Arturo Pérez-Reverte développe une intrigue à la fois policière, historique, picturale, ajoutant le jeu d’échecs, explicitant ses règles, son attrait et ses connotations symboliques. Pierre Mac Orlan n’écrivait-il pas : “Il y a plus d’aventure sur un échiquier que sur toutes les mers du monde.“
Avec ce roman, le lecteur découvre la peinture du XVe siècle, les artifices des peintres pour installer ceux qui regardent le tableau dans la scène. C’est aussi tout le travail autour de la restauration d’une telle œuvre. Et, bien sûr, l’art du jeu. L’auteur présente la symbolique de chaque pièce et donne des illustrations de différentes phases, phases orchestrées par un assassin retors.

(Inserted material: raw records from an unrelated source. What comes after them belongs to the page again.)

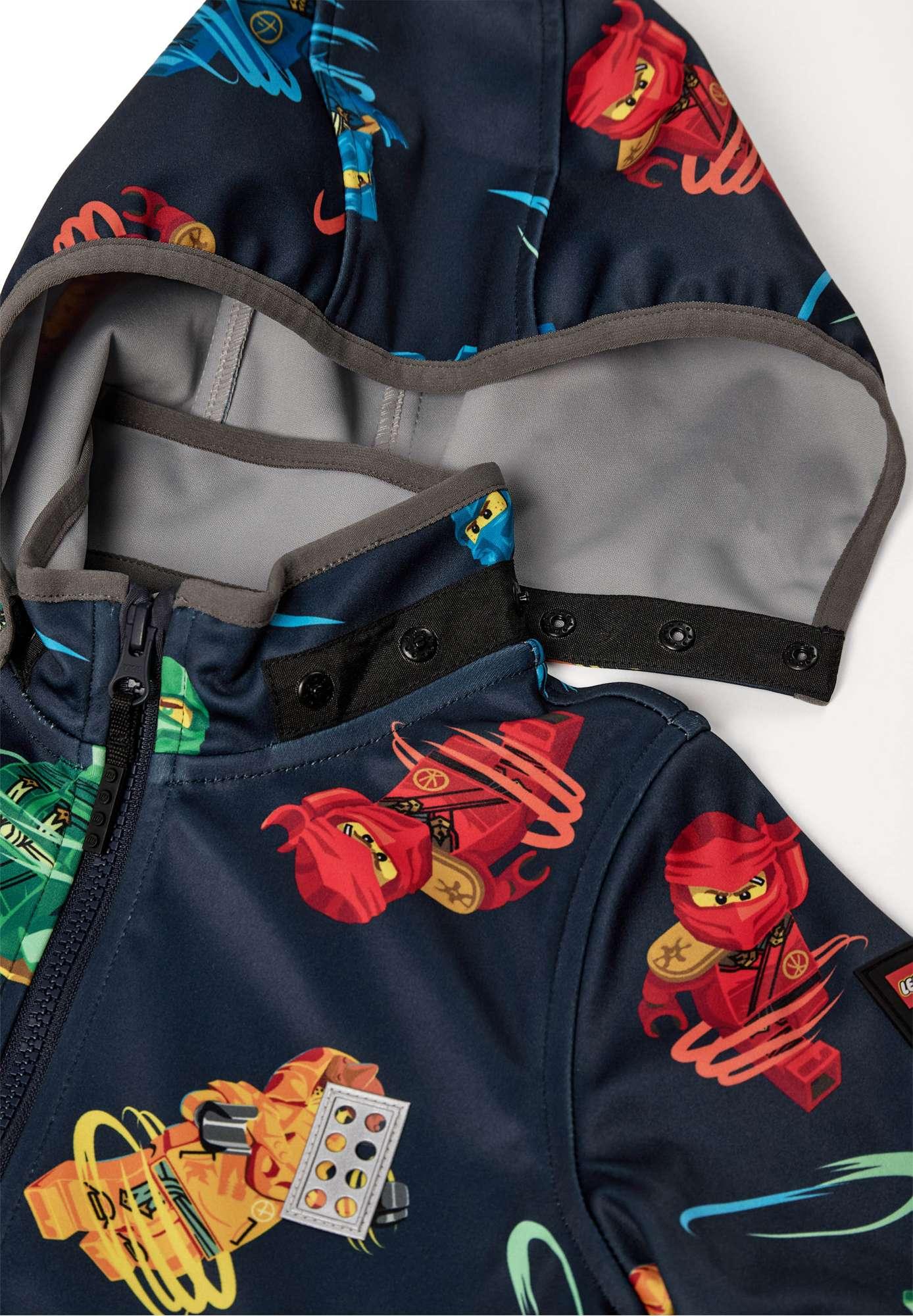 LEGO® NINJAGO® Softshelljakke - LWSIAN 200 -LEGO®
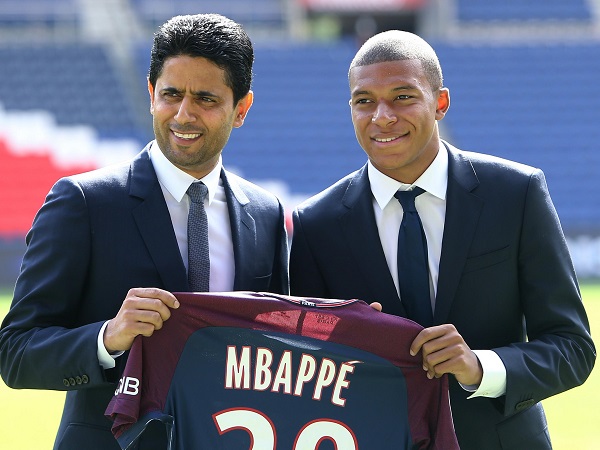 Chủ tịch PSG từng hứa sẽ bán Mbappe cho Real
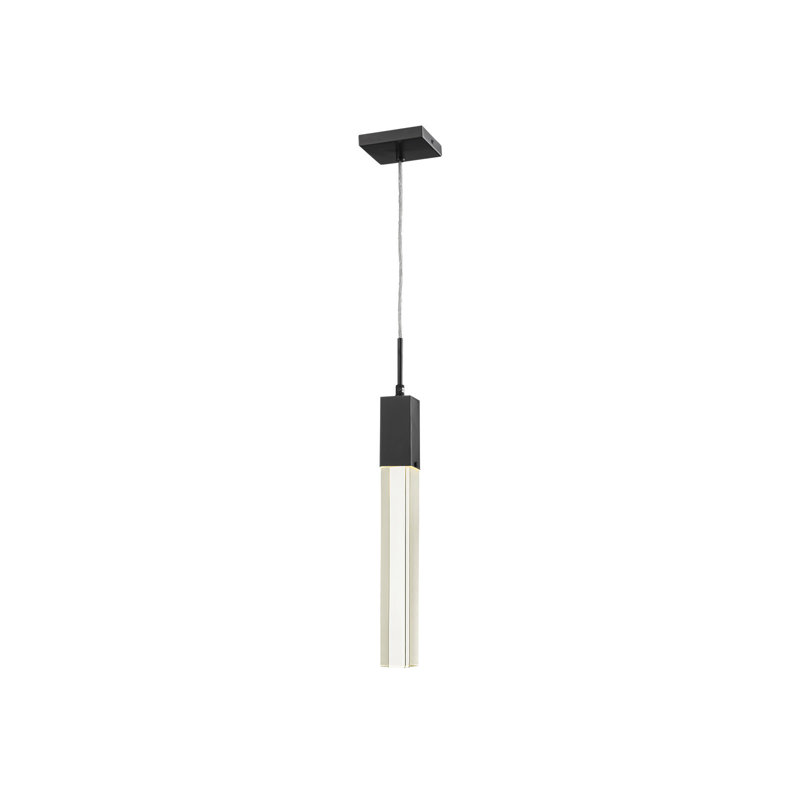 Original Glacier 1 - Light Pendant, Dark Bronze, Clear Glacier K9, Clear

Avec ce livre, Arturo Pérez-Reverte, par ailleurs le créateur des aventures de l’ineffable capitaine Alatriste, signe un ouvrage remarquable par la profusion des données, par la tension soutenue jusqu’à un dénouement peu prévisible.
serge perraud
Arturo Pérez-Reverte, Le tableau du maître flamand (La tabla de Flandes), traduit de l’espagnol par Jean-Pierre Quijano, Folio Policier n°1 026, coll. “Thriller”, août 2024, 480 p. — 9,90 €.